My mother and I had just come back from the notary’s office. We sat down in one of my favourite coffee shops and the realisation that she had vouched to pay back my scholarship if my academic performance wasn’t up to par terrified me. I thought to myself “What a gesture of love, to be so painfully aware that we could never pay back that kind of money if I failed, but to put yourself on the line anyway.” It was a kind of love that went beyond all prudence. My mother had been the one who encouraged me to apply for the scholarship in the first place.

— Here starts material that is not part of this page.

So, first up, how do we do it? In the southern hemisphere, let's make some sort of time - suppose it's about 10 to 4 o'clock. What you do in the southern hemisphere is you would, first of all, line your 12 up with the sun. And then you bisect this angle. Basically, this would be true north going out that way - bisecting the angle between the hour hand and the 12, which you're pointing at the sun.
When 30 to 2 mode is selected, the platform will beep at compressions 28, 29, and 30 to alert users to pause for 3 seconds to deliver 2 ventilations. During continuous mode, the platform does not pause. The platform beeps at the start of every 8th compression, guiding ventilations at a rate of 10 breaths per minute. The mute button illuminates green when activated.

I was so overwhelmed by the paper trail that had been building up over the past couple of weeks. The Centre for International Cooperation requested an official invitation letter from the university that would be hosting me. I hadn’t received it yet, despite many calls and e-mails sent out into the Italian administrative void. Sat next to my mother, I began to cry over the uncertainty of it all. I was putting so much energy into preparing for something that might never happen because of one stupid piece of paper. I was exhausted and I had lost hope.
Mum said it was okay to give up if I felt like it. She promised nobody would mind. The problem was, I would have minded. I had become intent on leaving, living abroad for a brief window of time, learning the language and working closely with the Centre for European Modernism Studies in Perugia. All of these prospects were so attractive that the location was entirely secondary to me. I could not even imagine how beautiful Italy was as I rubbed my red eyes.

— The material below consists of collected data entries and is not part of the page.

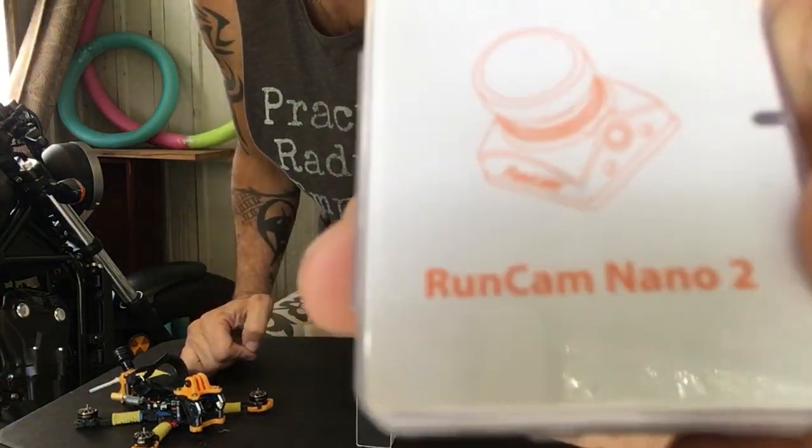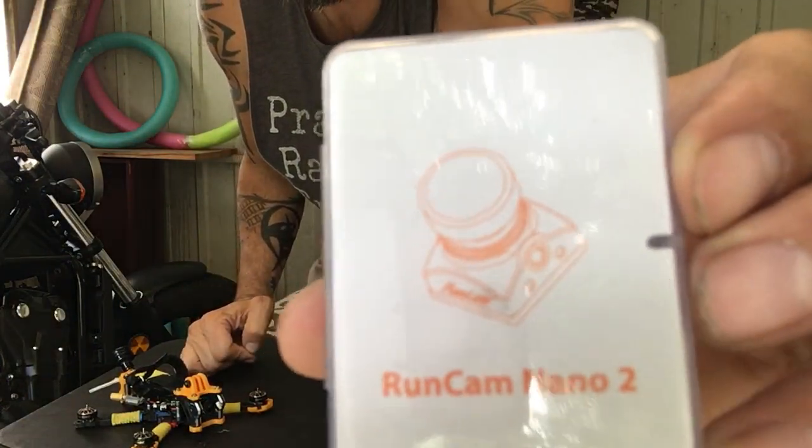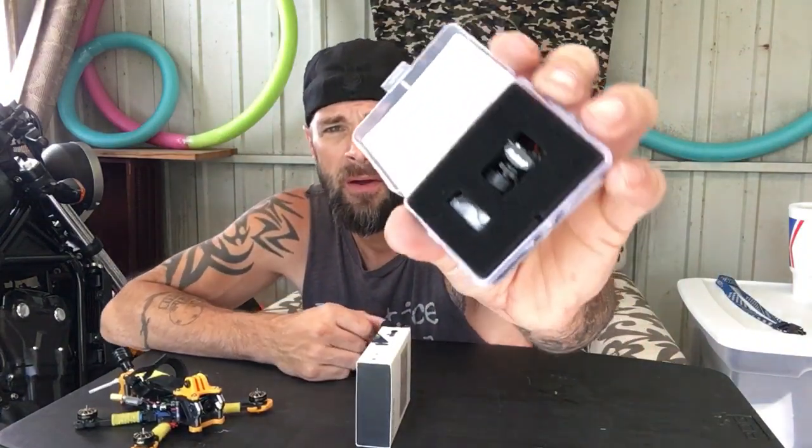It is one of the first things I bought in this hobby. When I got the Caddx Ant — I'm just not going to show you that. Runcam Nano 2. I got a brand new one right here that I never used. I'm just thinking about a giveaway. I got three more subscribers today, so I was tickled pink — that's why I'm here.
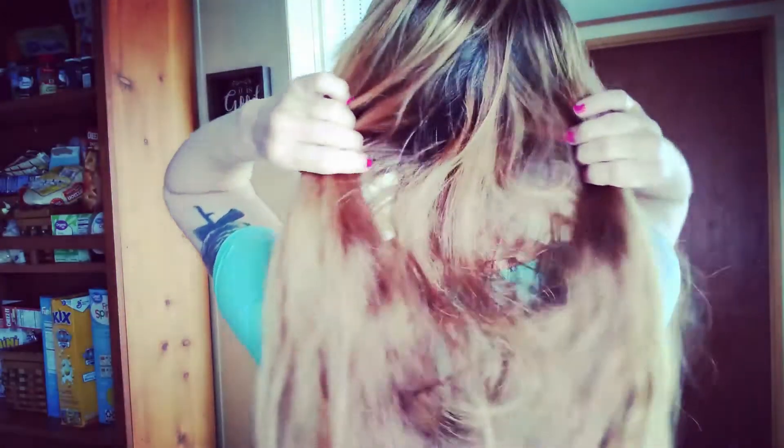Hey guys, it's me again, Jennifer. Today I am going to be highlighting my hair blonde. I have cap highlighted it three times now and as you can see it's still kind of dark in some places. It looks red underneath — you can see how dark it is, and on top you can see how light it is and how dark it is.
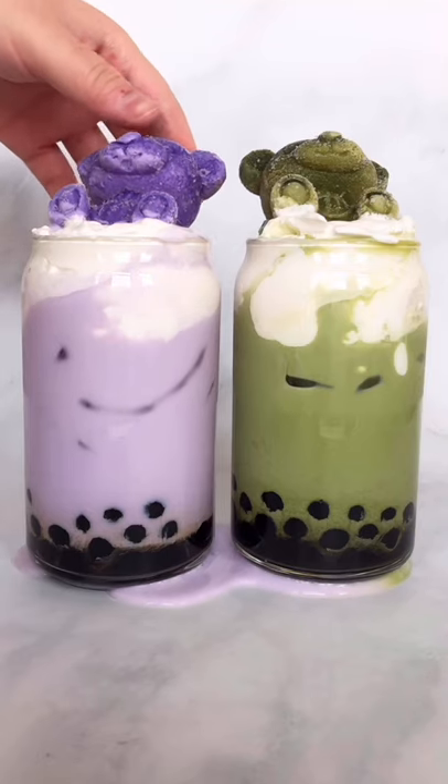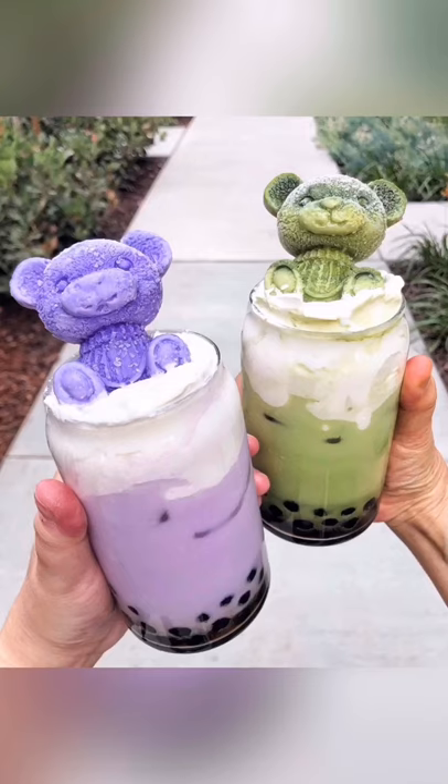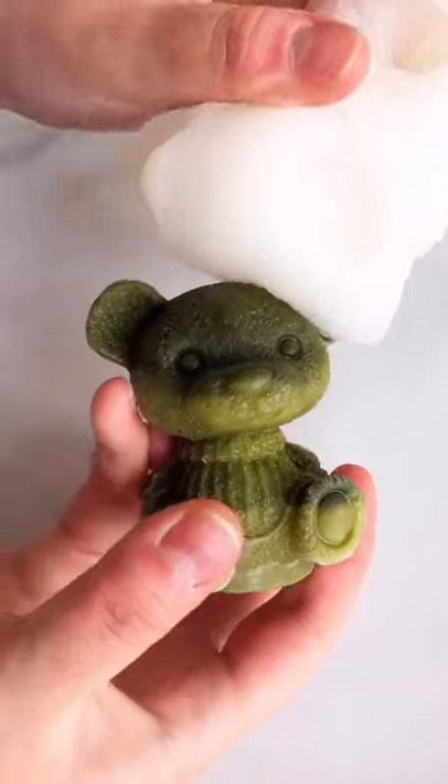If you want a super cute and easy way to level up your boba drinks, add an ice bear on top. You just need this bear mold that you can find on Amazon.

Three years ago, several towns in Umbria had crumbled in the aftermath of a series of earthquakes. It seemed that the universe was sending me a sign, and the sign said STOP. Time had gone by in a flash, it was now Christmas Eve and no formal letter of invitation had arrived. Everything seemed pointless. My departure, which had been scheduled for January, was no longer certain. I went to bed feeling defeated, but I woke up believing in Santa Claus. The missing document was in my inbox on Christmas Day. Part of going on a journey like Erasmus is trusting that things will sort themselves out eventually, especially if they’re administrative issues.

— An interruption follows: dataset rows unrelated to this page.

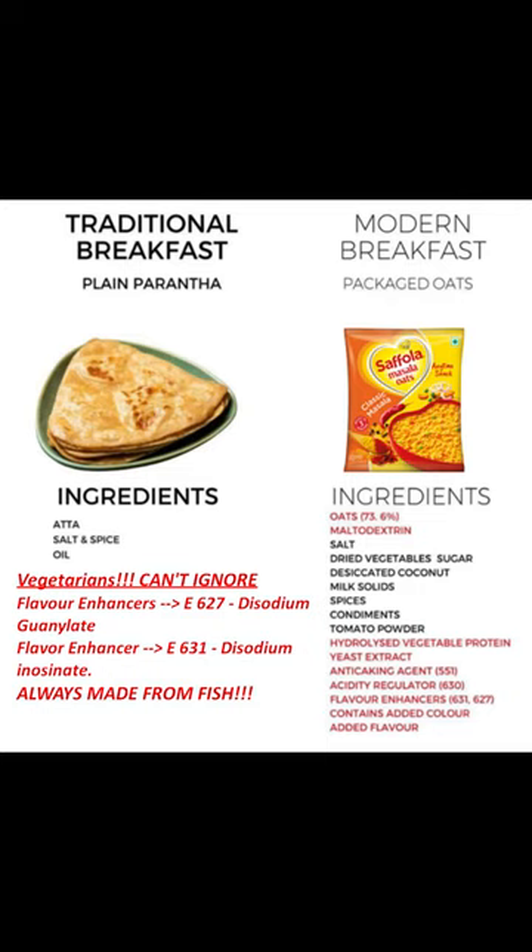Dostow, no doubt masala oats mein paranthe ke comparison mein much less calories hoti hai. But do you really know what are the other things inside the packet? Let's check it out.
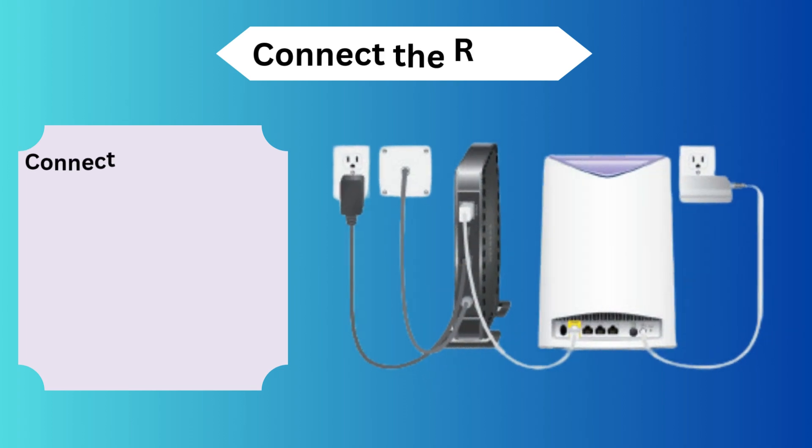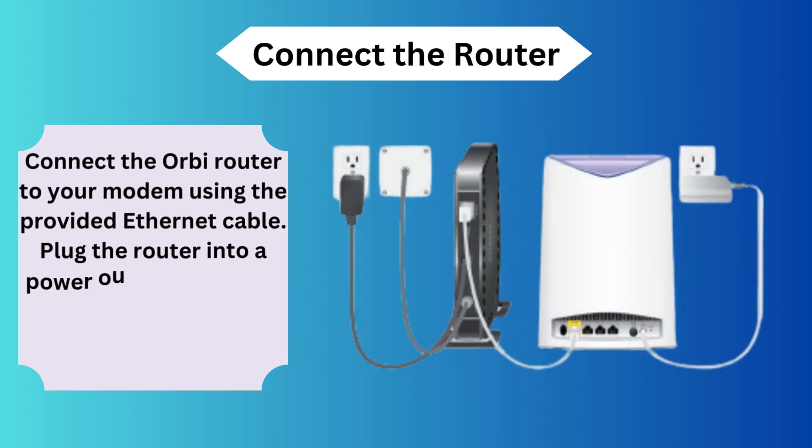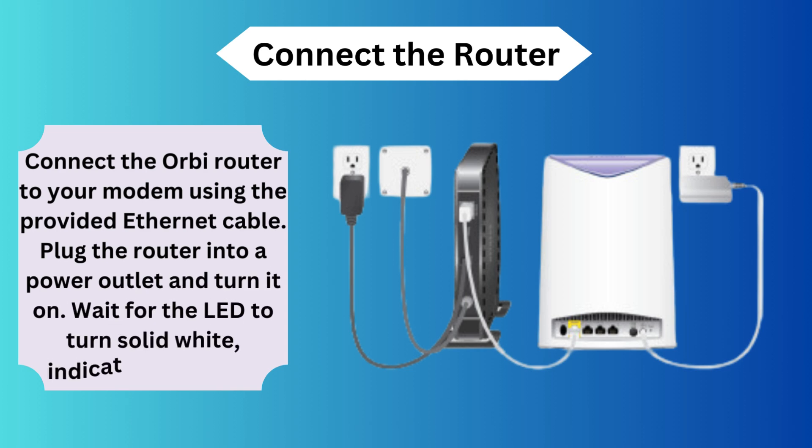Connect the router. Connect the Orbi router to your modem using the provided Ethernet cable. Plug the router into a power outlet and turn it on. Wait for the LED to turn solid white, indicating it's ready.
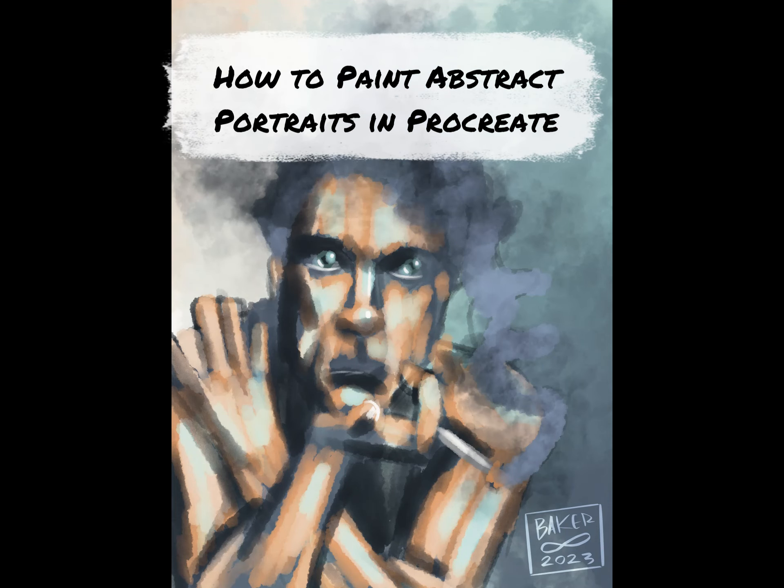Hey there! Let's take a look at my process for how I do my more abstract digital paintings and portraiture.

I like to think that all my fears made my arrival in the town which I would call home for the following 7 months all the more extraordinary. Sure, I had googled it, but I had no idea what kind of life it would give me. I didn’t even know what my new apartment would look like as my uncle, who spoke Italian, was the one who had made the arrangements with the landlord. The town stole my heart in the blink of an eye and I was so earnestly in love with every set of scale, muri and acquedotti that every time I took a walk I got butterflies in my stomach. I had never been anywhere so unashamedly beautiful. Jasmine bloomed in every courtyard, jazz roared as summer rolled in. I chose my favourite café, pizzeria and spot in the library and maintained them religiously.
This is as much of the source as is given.